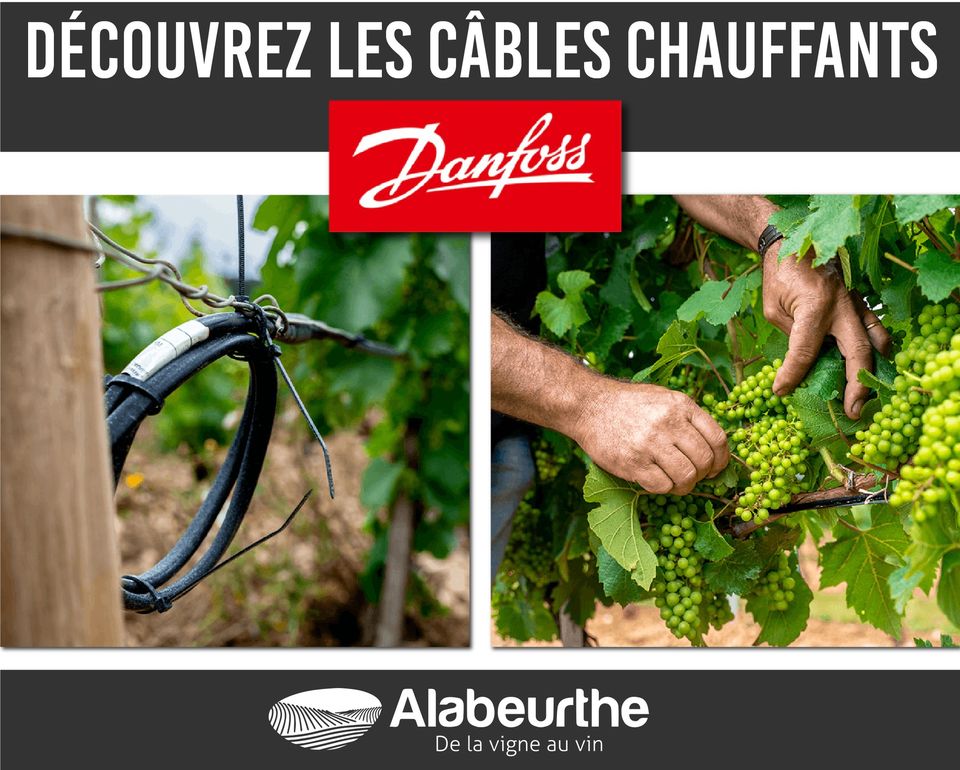 Protégez vos vignes avec le câble électrique chauffant Vineyard Protect !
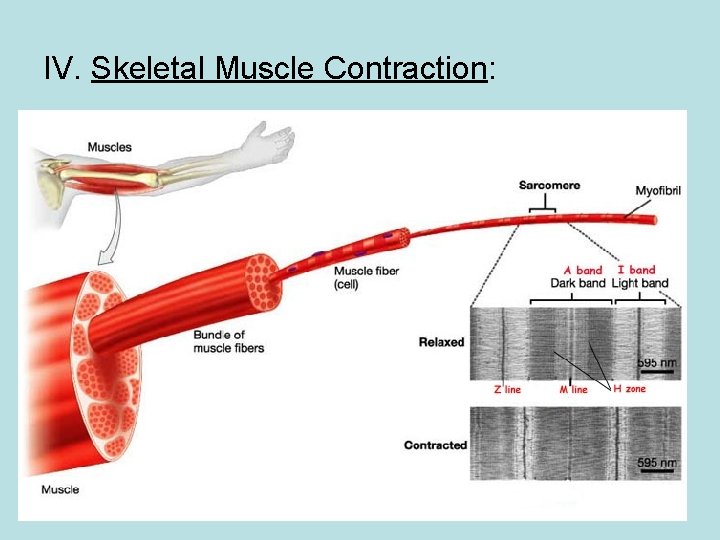 IV. Skeletal Muscle Contraction: 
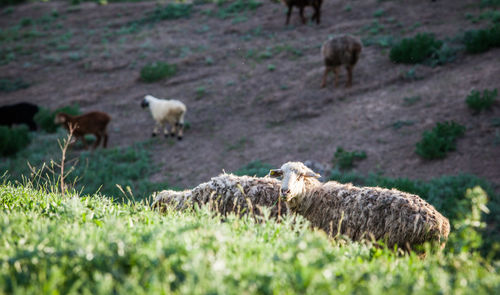 Sheep grazing in a field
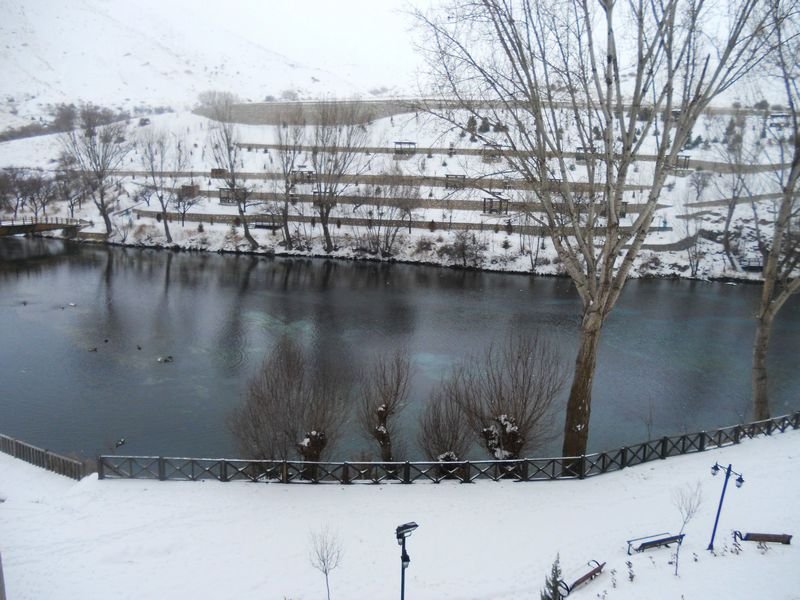 0021-1.jpg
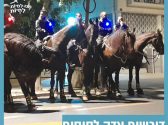 סוסים עומדים בשורה ועליהם יושבים שוטרים.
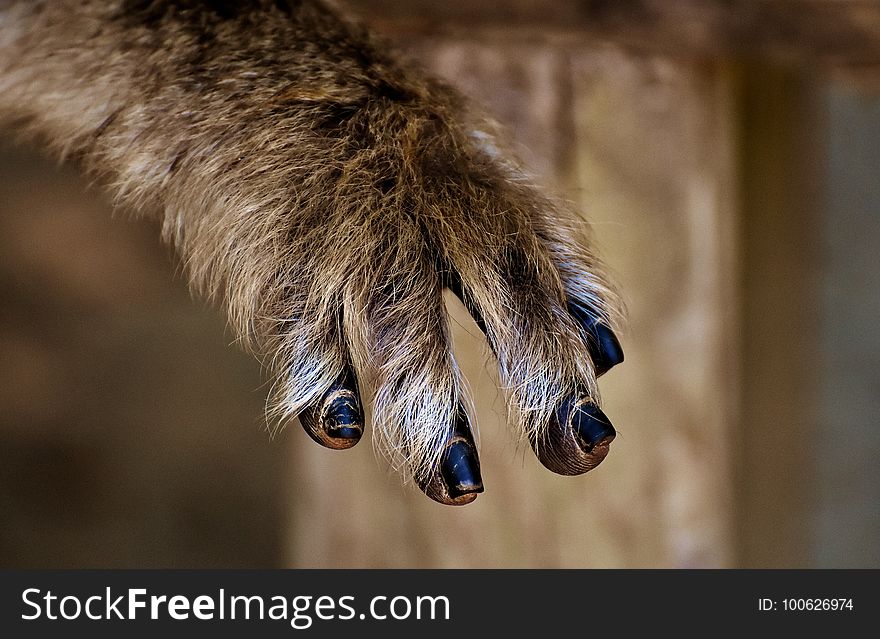 Fauna, Wildlife, Claw, Snout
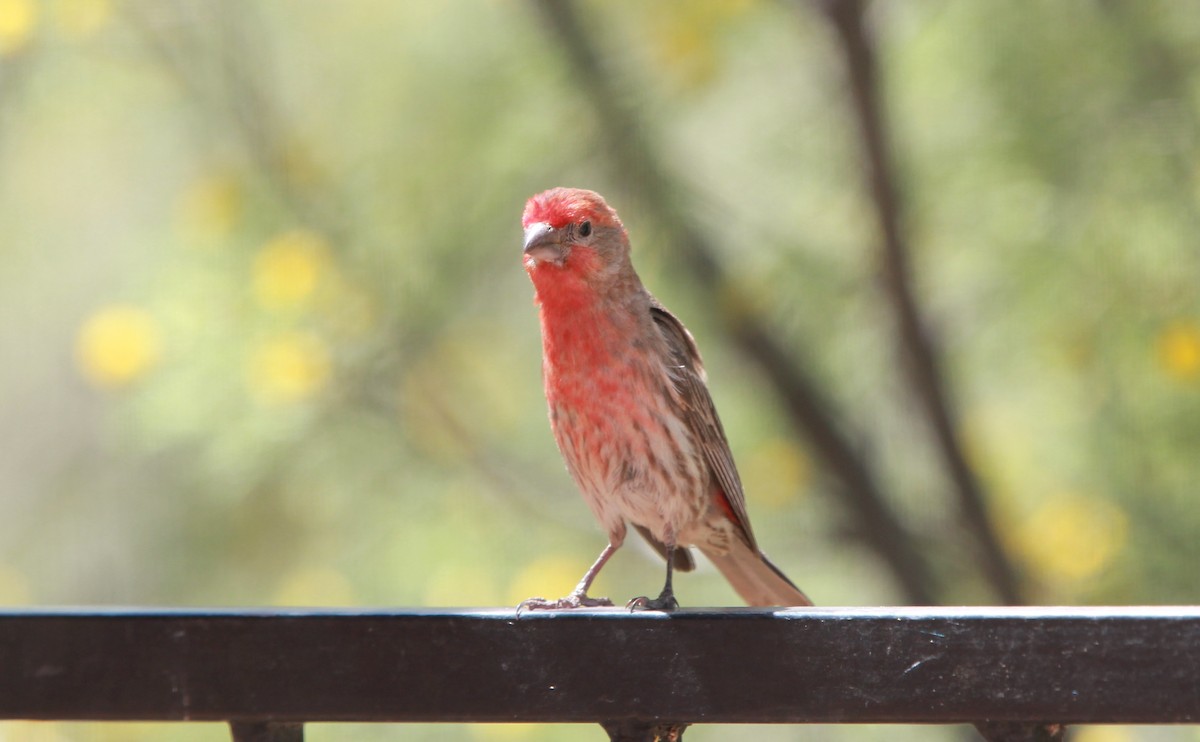 husrosenfink - ML644631642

> WORK TASK:
Please copy exactly the lines from the one containing "סוסים עומדים בשורה ועליהם יושבים שוטרים." through the last line of the records above, both included, and leave out any pictures.

> EXERCISE ANSWER:
 סוסים עומדים בשורה ועליהם יושבים שוטרים.
 Fauna, Wildlife, Claw, Snout
 husrosenfink - ML644631642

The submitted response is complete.